Luca Bizzarri, attore e comico intelligente, ha accennato a questa somiglianza. L’idea fa sorridere, e non sarebbe dispiaciuta a Francesco, che amava i paragoni spiritosi. Una volta, incontrando dei seminaristi, disse loro: «Non fate i pipistrelli da sacrestia, sempre nascosti. Siate allegri come bambini al parco». Era un invito a vivere la fede con il sorriso, non con la faccia scura di chi si sente custode di un tesoro inaccessibile.
Francesco non ha mai perso l’autoironia, nemmeno nei momenti più difficili. «Io sono un Papa a tempo parziale», scherzava nel 2020, alludendo ai problemi di salute che lo costringevano a delegare molte attività. E quando un giornalista gli chiese se non avesse paura dei nemici interni, rispose: «Io firmo e vado avanti. Sono argentino: se non mi ammazzano loro, mi ammazza il mate!».
Come Don Camillo, anche Francesco ha dovuto fare i conti con avversari duri. Non un sindaco comunista, come Peppone, ma cardinali, politici, interessi fortissimi. In Argentina, da vescovo, aveva conosciuto la durezza del potere dispotico; a Roma, da Papa, ha trovato la durezza del sistema. Mantenendo sempre lo stesso sguardo: ironico, realista, mai ingenuo.

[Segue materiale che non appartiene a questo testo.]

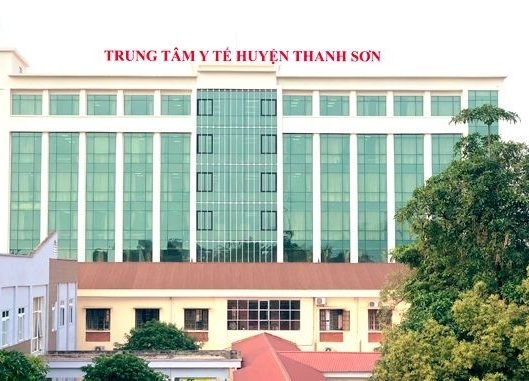 Trung tâm Y tế huyện Thanh Sơn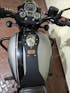 ROYAL ENFIELD METEOR 350 LEATHER TANK STRAP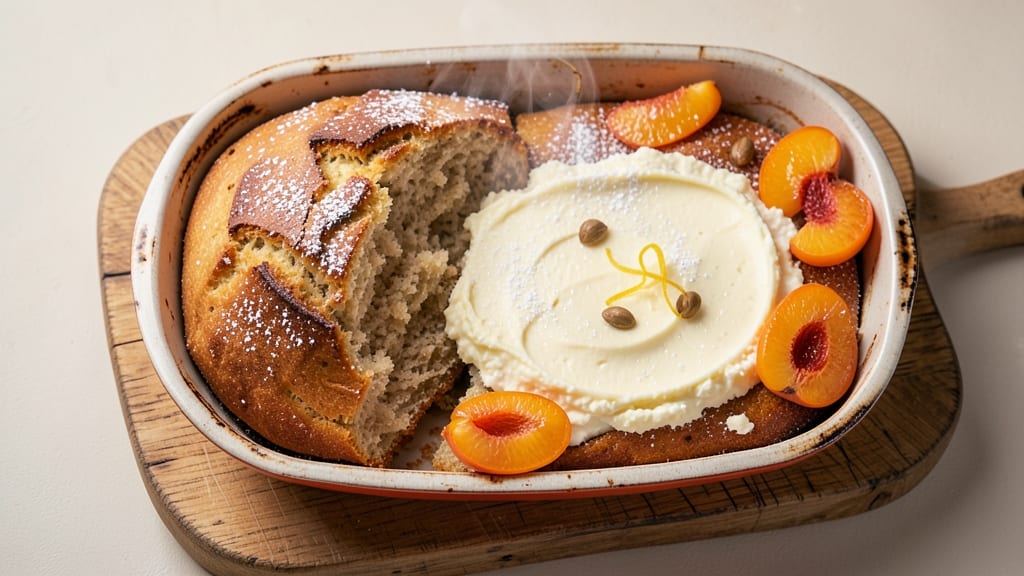 Apricot Cream Cheese Bread Recipe: Sweet-Tart Swirls and Creamy Frosting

I suoi “pregate per me”, ripetuti a ogni Angelus, non erano formule: erano richieste vere, quasi implorazioni. In privato aggiungeva, a chi lo ascoltava: «Pregate per me, ma a mio favore, non contro». Sapeva che anche nella sua casa, nella Chiesa che amava fino allo sfinimento, non tutti lo sostenevano. Eppure, non ha mai perso la leggerezza. Raccontano che in una riunione difficile, di fronte a cardinali irrigiditi, tirasse fuori all’improvviso una barzelletta sui burocrati di curia: ridevano tutti, a denti stretti, ma ridevano.

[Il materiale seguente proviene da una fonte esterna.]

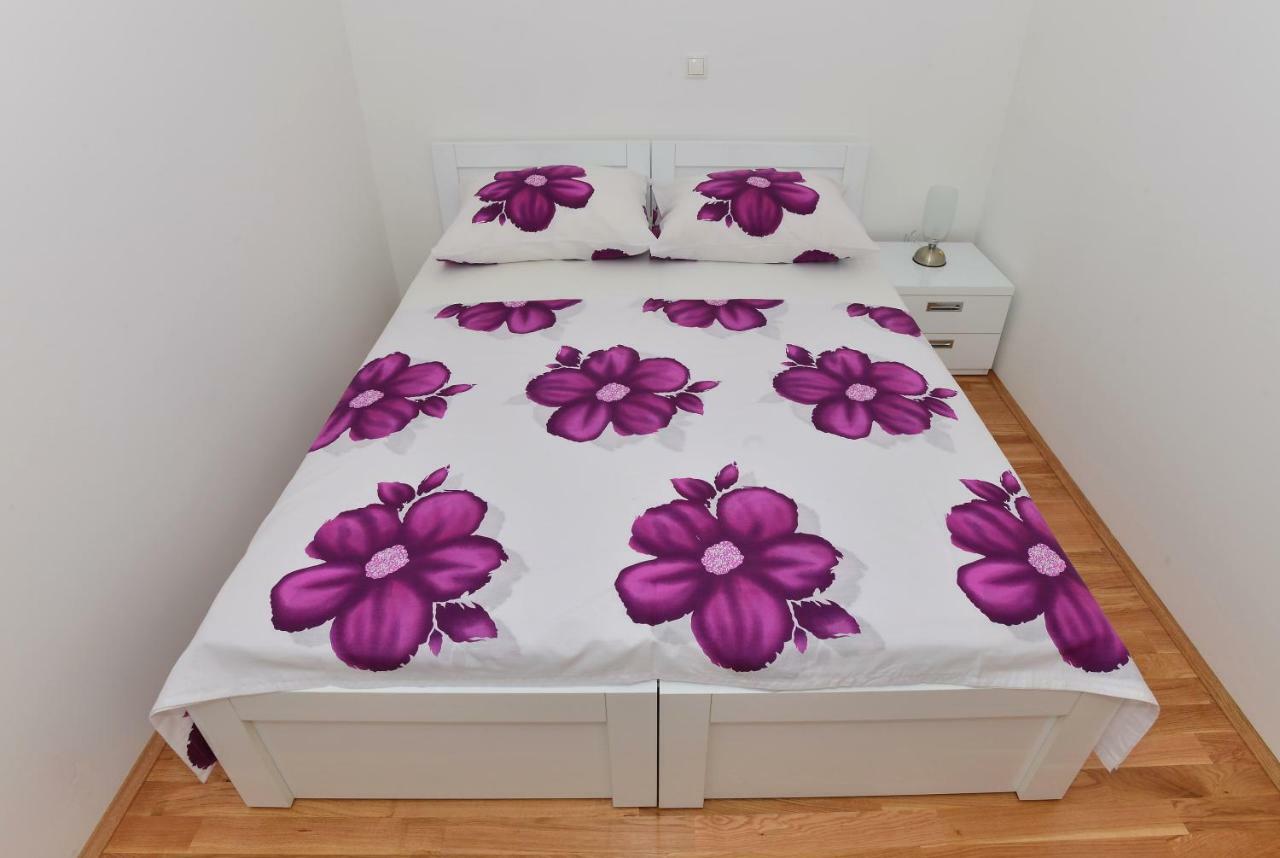 Apartman Dominik Μακάρσκα Εξωτερικό φωτογραφία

Il contesto è cambiato: non siamo più nella Bassa padana degli anni ’50, tra contadini di poche parole e ideali forti. Siamo nel mondo globale, liquido, veloce, dove la parola “popolo” sembra un suono lontano. Ma quella figura di parroco, capace di dire la verità senza urlare, di amare senza compromessi, resta.

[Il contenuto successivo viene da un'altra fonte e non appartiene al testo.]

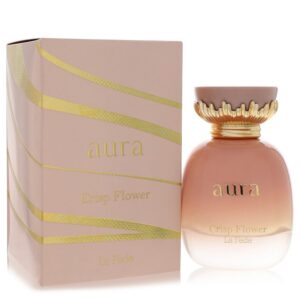 Khadlaj La Fede Aura Crisp Flower by Khadlaj - 3.4oz (100 ml)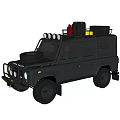 Vintage Off Road Cars With Roof Racks Spare Tires And Round Headlights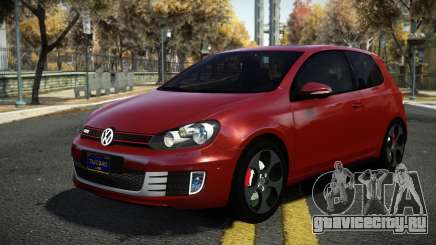 Volkswagen Golf Mapolek для GTA 4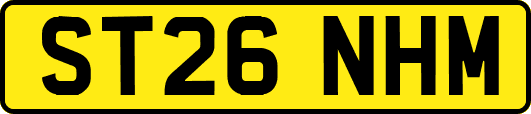 ST26NHM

Francesco ha fatto il parroco anche da Papa. Non ha mai indossato la corazza del sovrano regnante. Ha preferito la tunica stropicciata, il sorriso del compagno di viaggio. È per questo che molti — credenti e non — lo hanno sentito vicino, uno “di casa”.
Alla fine, come Don Camillo, Francesco ci lascia il ricordo di una fede testarda, semplice e sorridente. Ci lascia anche la nostalgia di una Chiesa capace di parlare con il linguaggio della vita vera. Il suo ultimo consiglio resta lo stesso: pregate per me. Con un sorriso, se potete. Se ci pensate, sembra uscito dalle labbra di Don Camillo.